It's possible, of course, that we are on the precipice, of the implosion of modernity, and that would allow much more adventurous decolonizing and decentering choices if there will be universities like ours then. But going against my natural pessimism, assuming we're not, lots of blends are possible (and, in practice, I blend). Direct and indirect voice can generate exciting courses that use 'history' to provide an introductory 'survey' of important arguments, concepts, and institutions in political philosophy. I don't mean to suggest that direct and indirect voice exhaust the possibilities (recall these posts inspired by Khader (here; here; and Bright here) on grasping and modeling the constrained choices of the oppressed). But there is, in fact, a clear choice lurking here. Decolonizing through direct voice indirectly facilitates a curricular narrative of historical progress (or dialectic); while comparative voice indirectly promotes a view that political theory involves learning to model fundamental trade-offs. Perhaps this is a false choice, and we need both.
*I include the colonial-settler enterprises in the Americas, and the US and Canada in the category of European Modernity.
+I dislike 'non-Western' and the role it plays in analysis. But it seems fine to use it in context of this dialectic. As I have noted the rise of 'Western philosophy' is tied to the rise of study of comparative civilizations in the late part of the age of imperialism.
**Meena Krishnamurthy has nudged me into teaching Ambedkar on caste.

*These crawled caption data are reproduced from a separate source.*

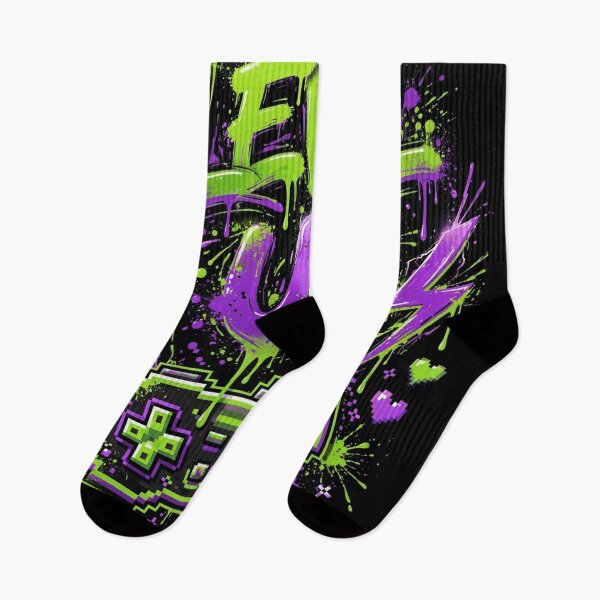 Item preview, Halloween Level Up Gamer Spooky designed and sold by zwnexura.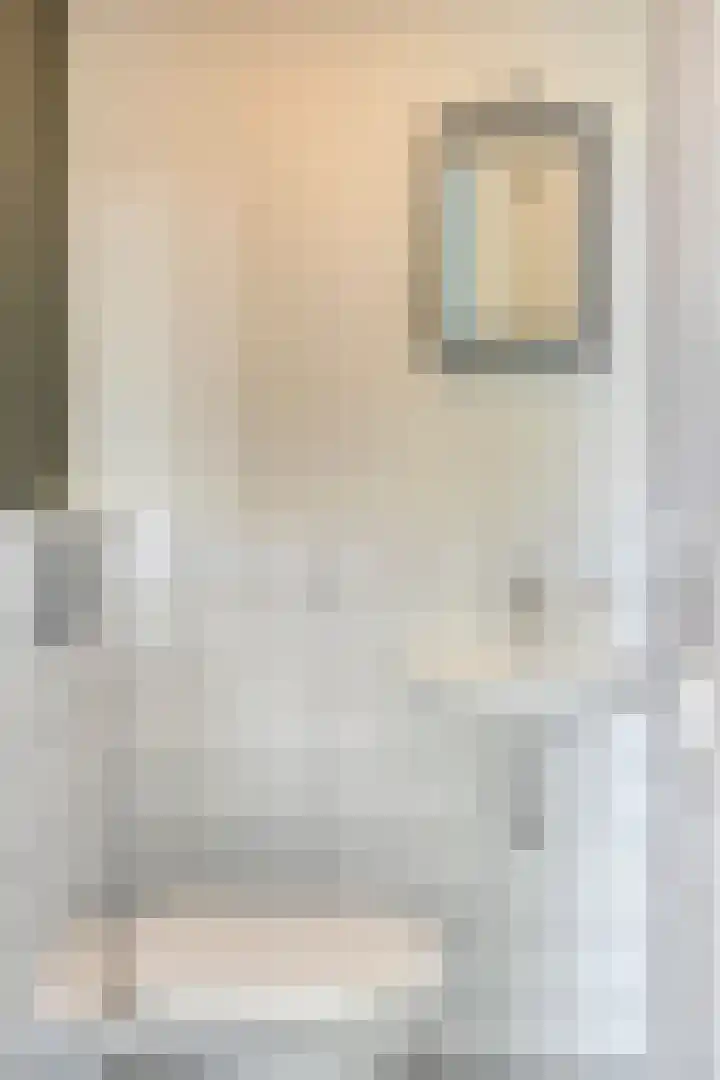 Boutenslaan 25 Eindhoven thumbnail 22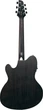 Гітара електроакустична IBANEZ TCM50 GBO (228042) - изображение 2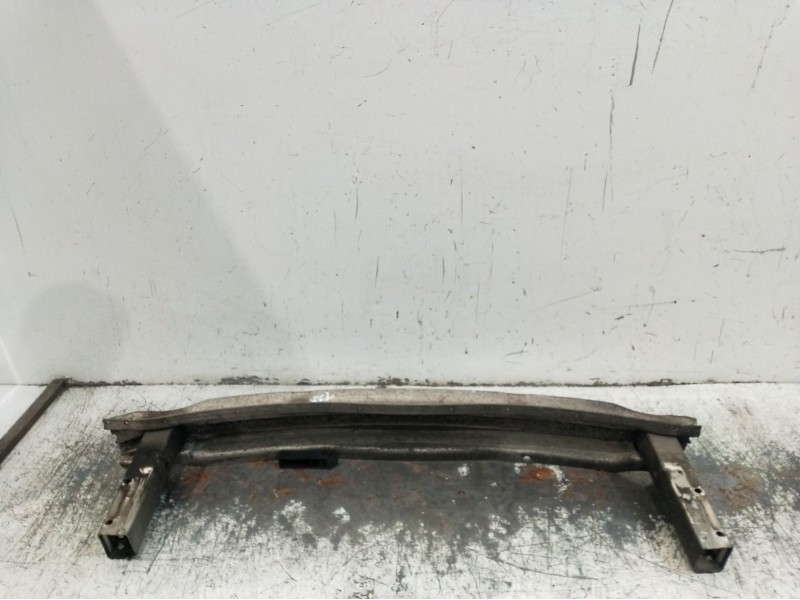 Recambio de refuerzo paragolpes trasero para audi a4 berlina (8e) 2.0 tdi 16v (103kw) referencia OEM IAM   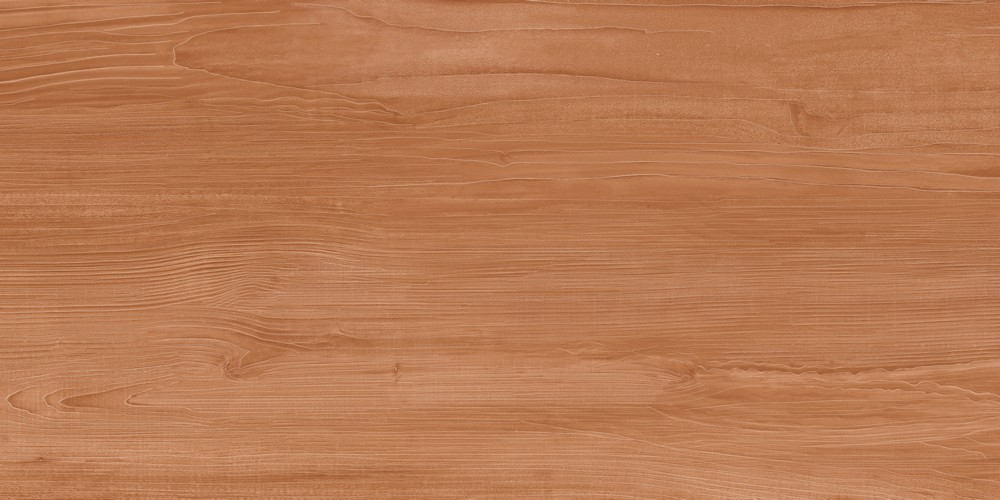 Digital Wall Tiles : Glossy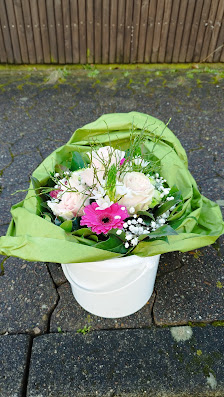 Blumen Mehling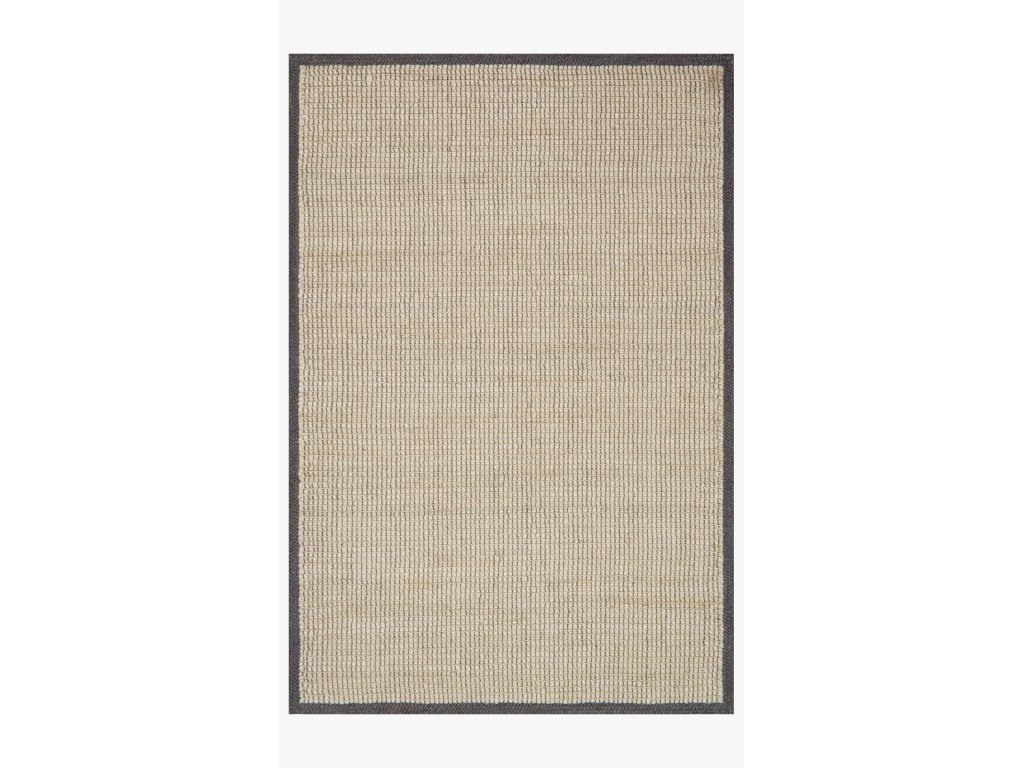 DY-01 MH Granite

Yeah, that's a good post. It makes me think history is dead. Perhaps it should be.
Posted by: Eric Steinhart | 07/03/2020 at 02:31 AM
Just asking...does Augustine count as a European?
Posted by: Cora Diamond | 07/04/2020 at 01:35 AM
I suspect he counts as Roman the way Philo counts as Roman or Hellenic.:)
Posted by: Eric Schliesser | 07/04/2020 at 09:05 AM
Does Augustine count as European? Well, that's probably an anachronistic question to ask. He was Mediterranean, and before the rise of Europe, many people located themselves, culturally, as Mediterranean. And that continued up to the seventeenth century, say. Braudel's work (La Méditerranée et le monde méditerranéen à l’époque de Philippe II, etc.) was formative on this, but there's an awful lot of more recent scholarship. And, of course, the Romans, and the Greeks, and the Carthaginians, all thought of themselves as Mediterranean. Roads were really bad then, of course, which changes one's attitude to what the natural groupings are.
Posted by: Graham White | 07/07/2020 at 10:20 PM
(this comment is not a continuation of my previous comment). I am interested by the way in which critique and metacritique interact here. One of the significant things in which this current round of critique (which, by the way, I wholeheartedly support) differs from much earlier scholarship is that, previously, philosophers of the past could be excused from, for example, particular attitudes to women, slaves, etc., on the grounds that those were different times. Now this seems much less tenable, at least partly because those attitudes back then seem, now, to be much less excusable. And this questioning needs, surely, to be taken up into metatheory: we have to start asking ourselves "how do we select a balanced set of teaching materials" and answering it in a theoretically grounded way. I suspect, though, that it may take some while before things come to rest again. I suspect, as well, that it will be an awful lot of work.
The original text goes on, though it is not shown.